▶ [WHAT YOU HAVE TO DO] Copy each line, word for word, from the one with "Prostirka za kupaonicu" through the final line of the listing, but skip the pictures.

######

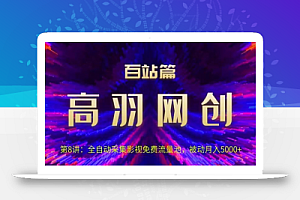 高羽网创百站篇第8讲:全自动采集影视免费流量池,被动月入5k+【视频课程】
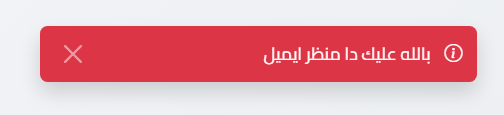 khaledkamrr's tweet photo. اقل error message ببعتها للفرونت https://t.co/nutWLSyZxH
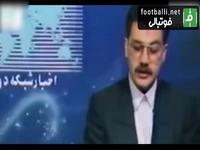 مرور جنجالی ترین دربی تاریخ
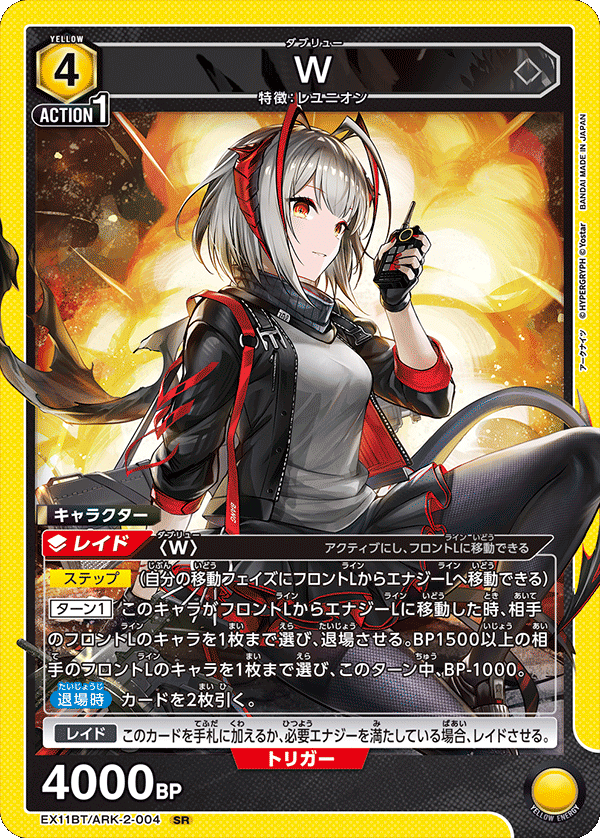 アークナイツ』TVアニメシリーズ公式サイト アークナイツ 赤 黄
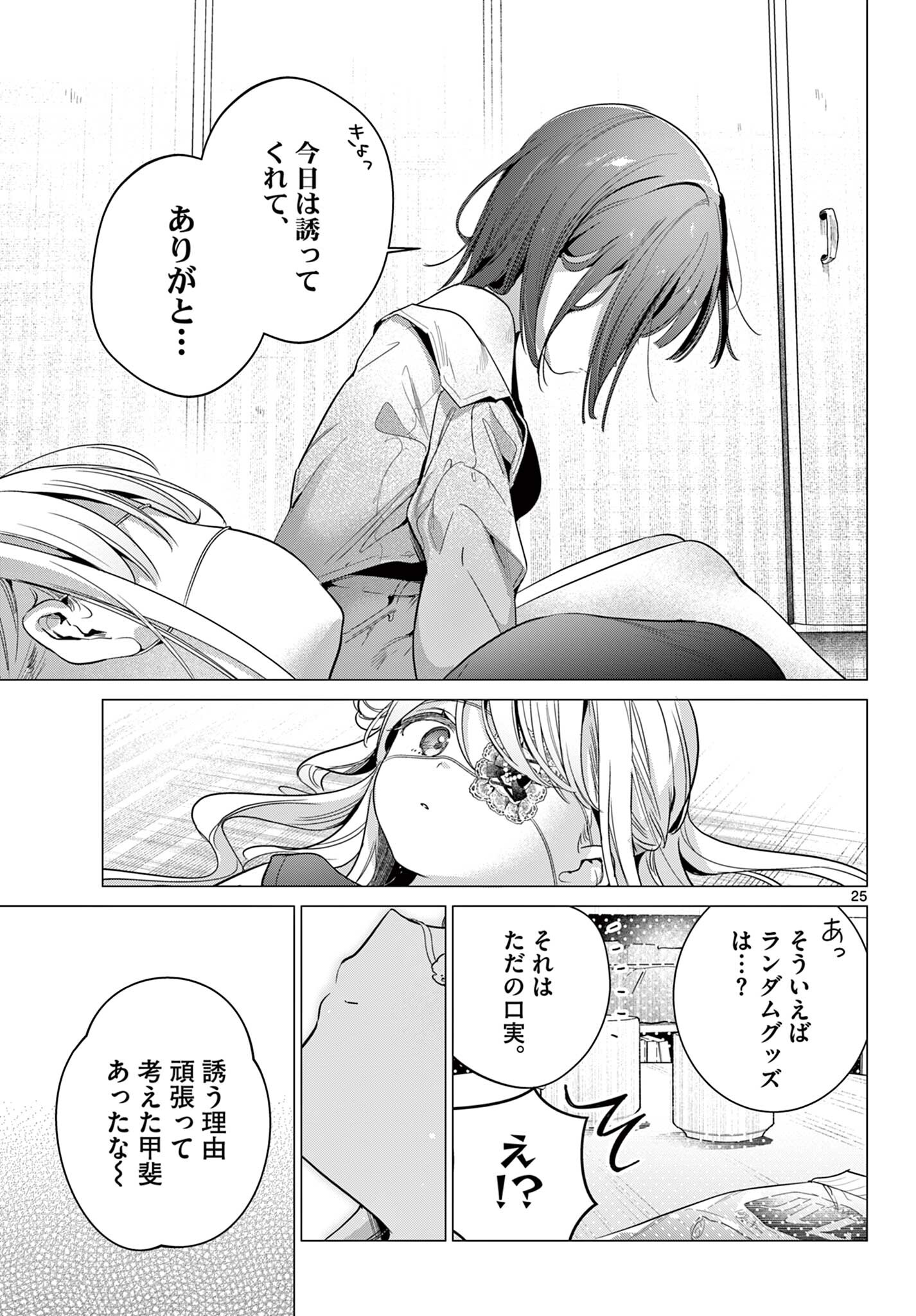 Maid to Loyd wa Ojou-sama no Oyakuni Tachitai! Chapter 7.2 11ページ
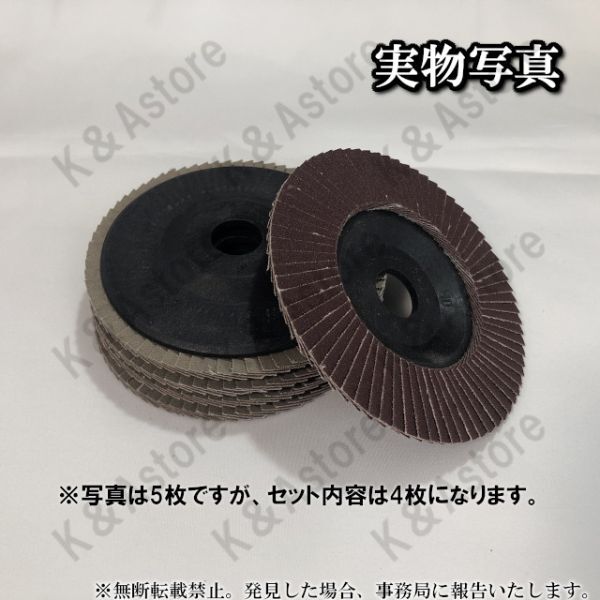 多羽根研磨ディスク 240番 4枚 フラップディスク スパーク 多羽根研磨ディスク 240番 4枚 フラップディスク スパーク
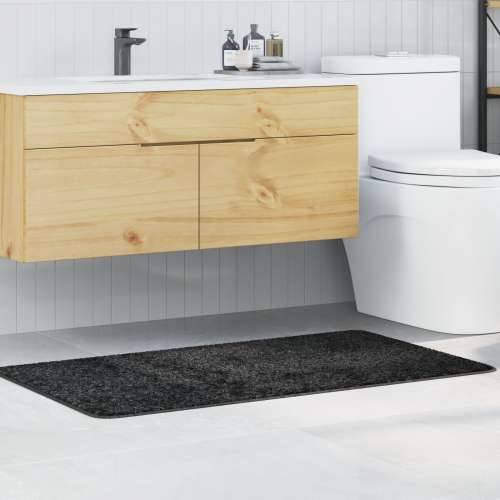 Prostirka za kupaonicu Pravokutna Tamno siva 70x120 cm Polipropilen Protiv klizanja Cijena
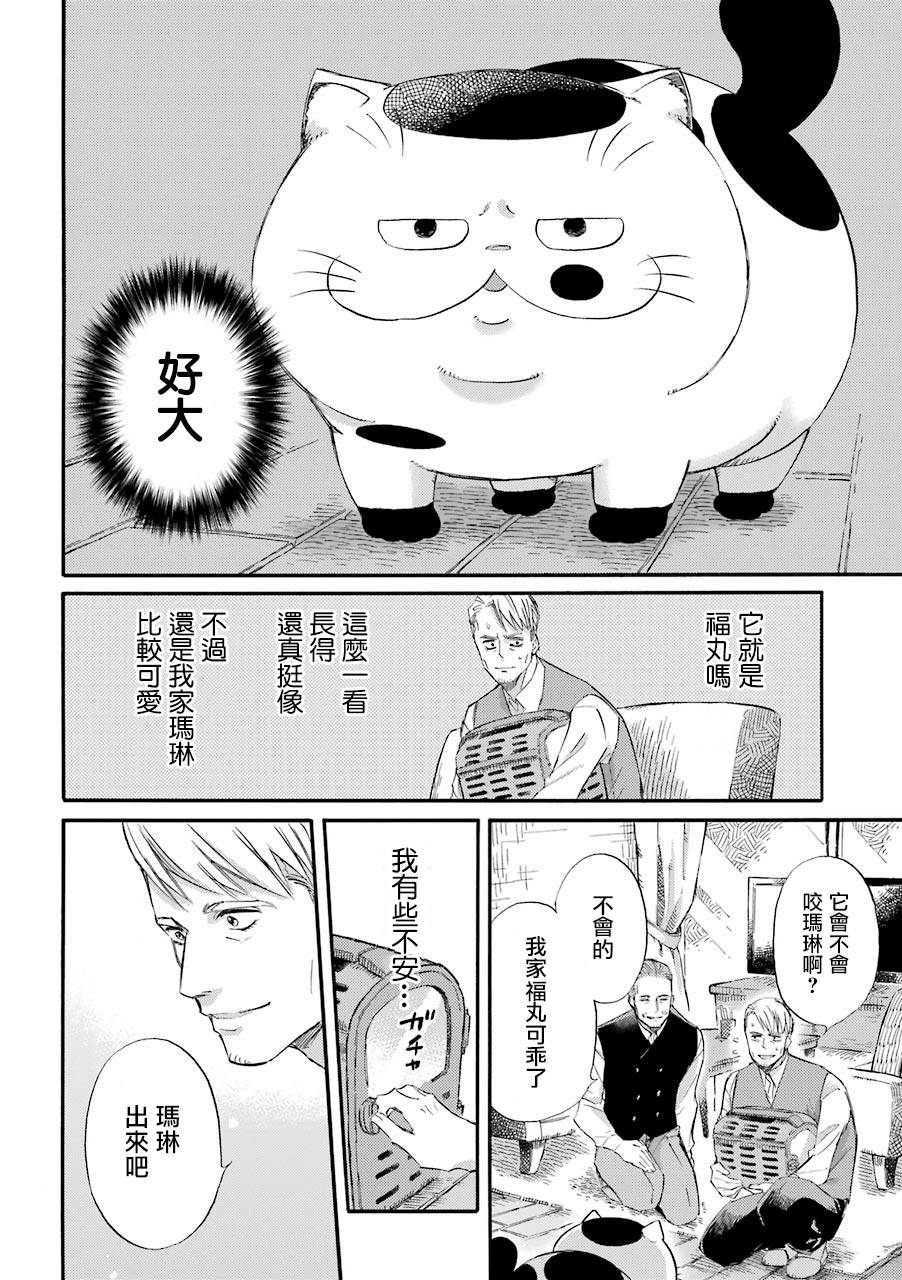 《大叔与猫》漫画最新章节第42话免费下拉式在线观看章节第【4】张图片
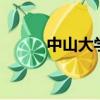 中山大學考研qq群（考研qq群）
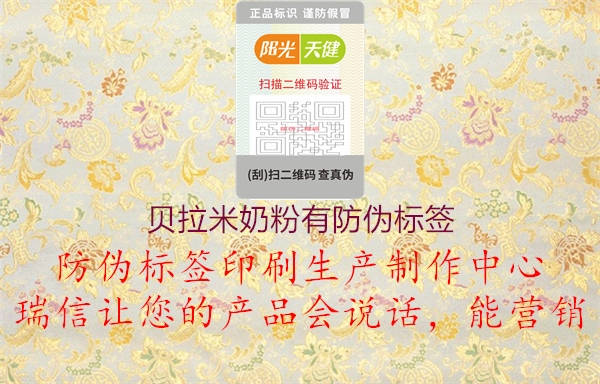 貝拉米奶粉有防偽標簽3.jpg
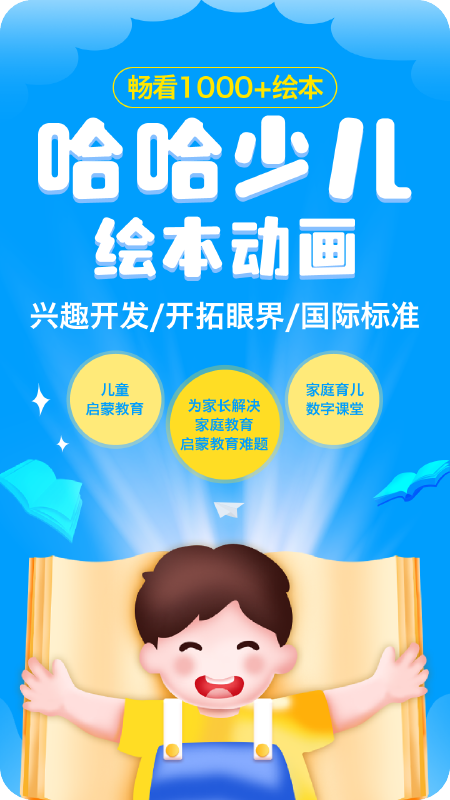 哈哈儿童动画绘本截图1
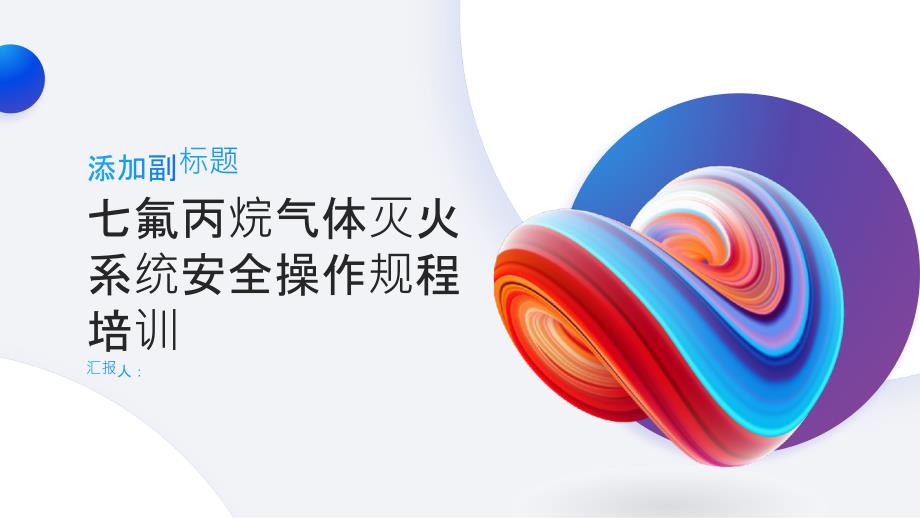 七氟丙烷气体灭火系统安全操作规程培训_第1页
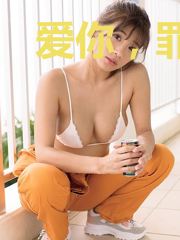 爱你,罪不至死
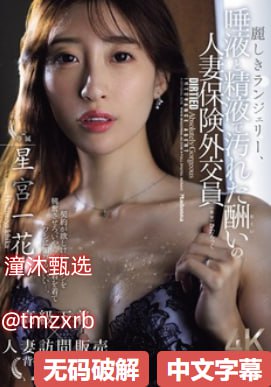 男男车车好快的车车网站メイリン モデルコレクション メ日韩系列av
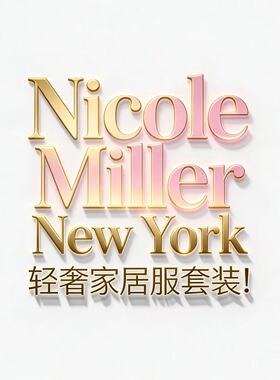 03/20W 女士简约莫代尔翻领开衫休闲短袖短裤睡衣家居服套装1618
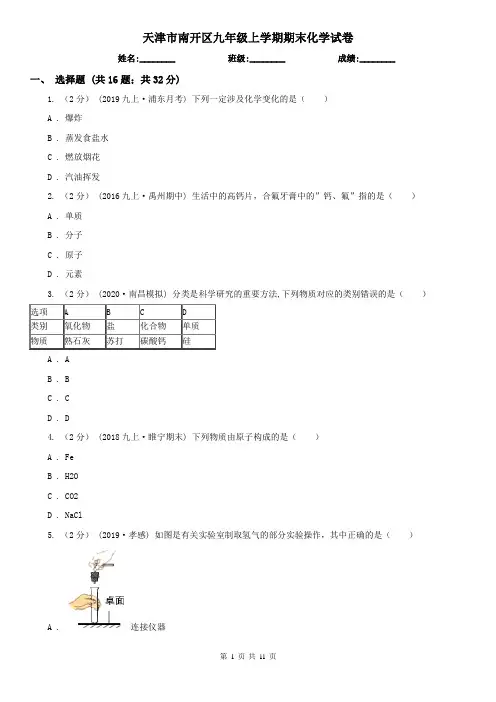 天津市南开区九年级上学期期末化学试卷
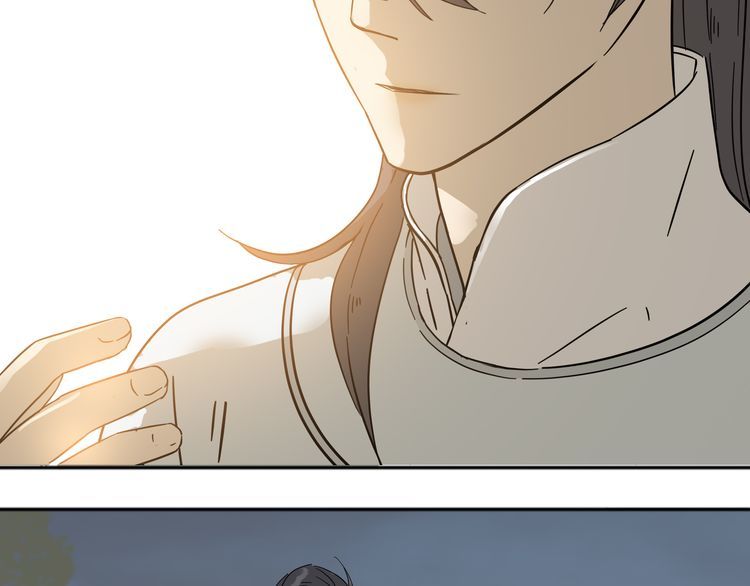 Thiên Hạ Vô Lại Chap 8.1 - Next Chap 9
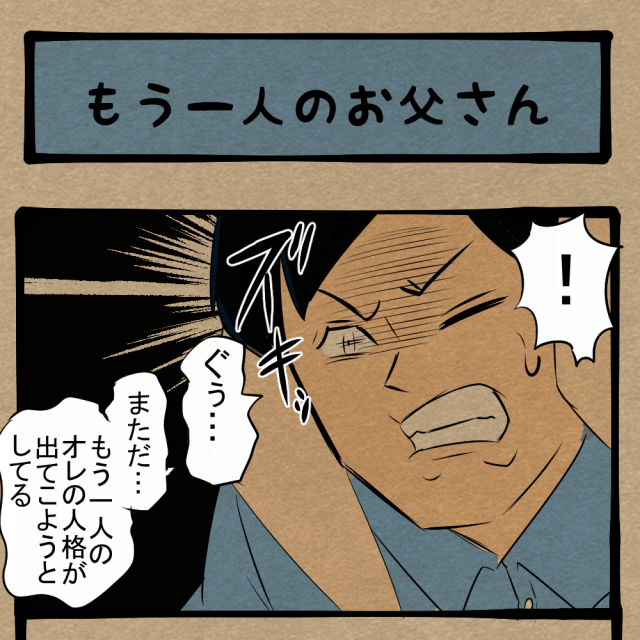 お前は出てくるな！ 二重人格に苦しむ父とダメージを負う息子！　四コマサボタージュBYD第255回「もう一人のお父さん」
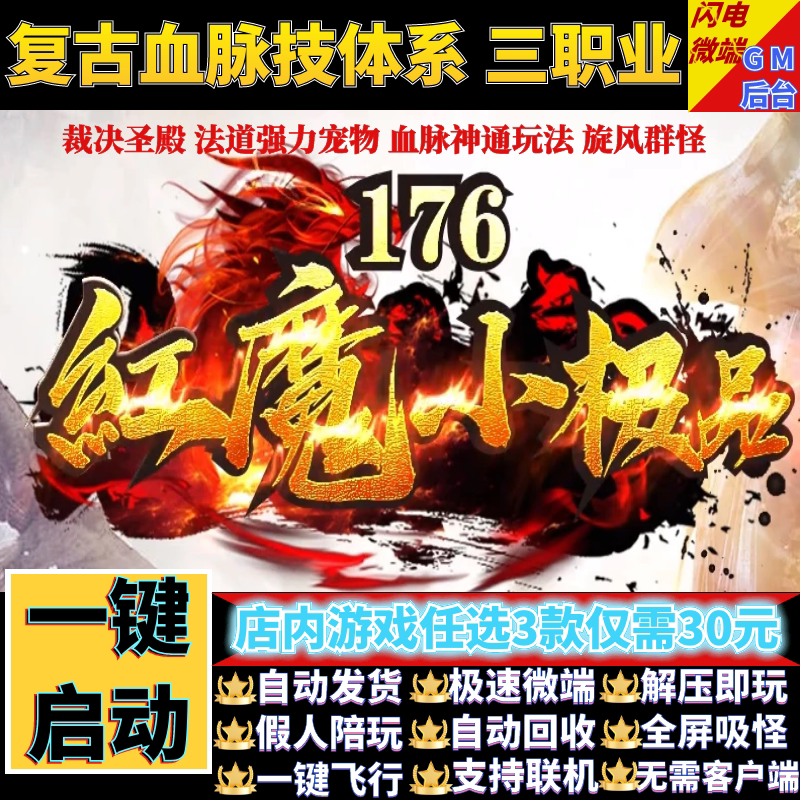 传奇单机电脑版1.76红魔小及品复古三职业假人GM后台微端联网联机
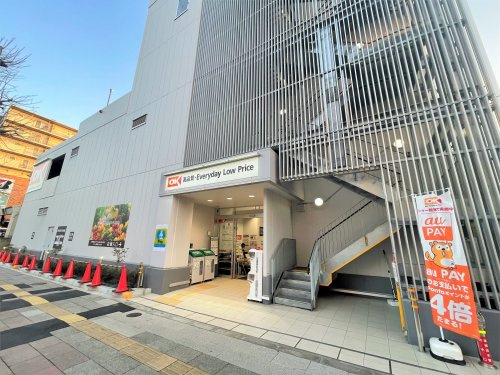 【スーパー】オーケー　上板橋店まで758ｍ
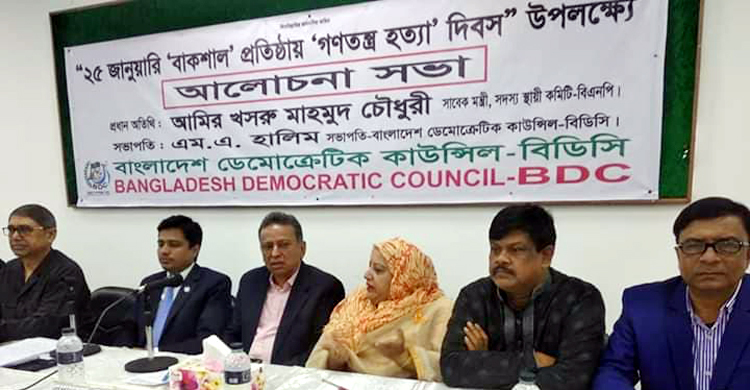 জয় পেতে রাষ্ট্রীয় প্রতিষ্ঠানকে বাধ্য করছে ক্ষমতাসীনরা : খসরু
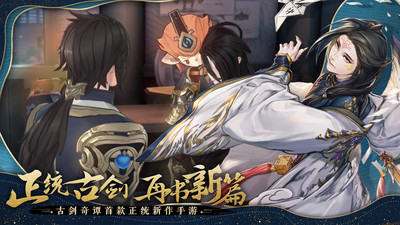 古剑奇谭木语人安卓版最新版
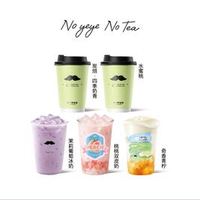爷爷不泡茶 爆款果奶5选1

######

▶ [WRITTEN SOLUTION]
 Prostirka za kupaonicu Pravokutna Tamno siva 70x120 cm Polipropilen Protiv klizanja Cijena
 《大叔与猫》漫画最新章节第42话免费下拉式在线观看章节第【4】张图片
 中山大學考研qq群（考研qq群）
 貝拉米奶粉有防偽標簽3.jpg
 哈哈儿童动画绘本截图1
 七氟丙烷气体灭火系统安全操作规程培训_第1页
 爱你,罪不至死
 男男车车好快的车车网站メイリン モデルコレクション メ日韩系列av
 03/20W 女士简约莫代尔翻领开衫休闲短袖短裤睡衣家居服套装1618
 天津市南开区九年级上学期期末化学试卷
 Thiên Hạ Vô Lại Chap 8.1 - Next Chap 9
 お前は出てくるな！ 二重人格に苦しむ父とダメージを負う息子！　四コマサボタージュBYD第255回「もう一人のお父さん」
 传奇单机电脑版1.76红魔小及品复古三职业假人GM后台微端联网联机
 【スーパー】オーケー　上板橋店まで758ｍ
 জয় পেতে রাষ্ট্রীয় প্রতিষ্ঠানকে বাধ্য করছে ক্ষমতাসীনরা : খসরু
 古剑奇谭木语人安卓版最新版
爷爷不泡茶 爆款果奶5选1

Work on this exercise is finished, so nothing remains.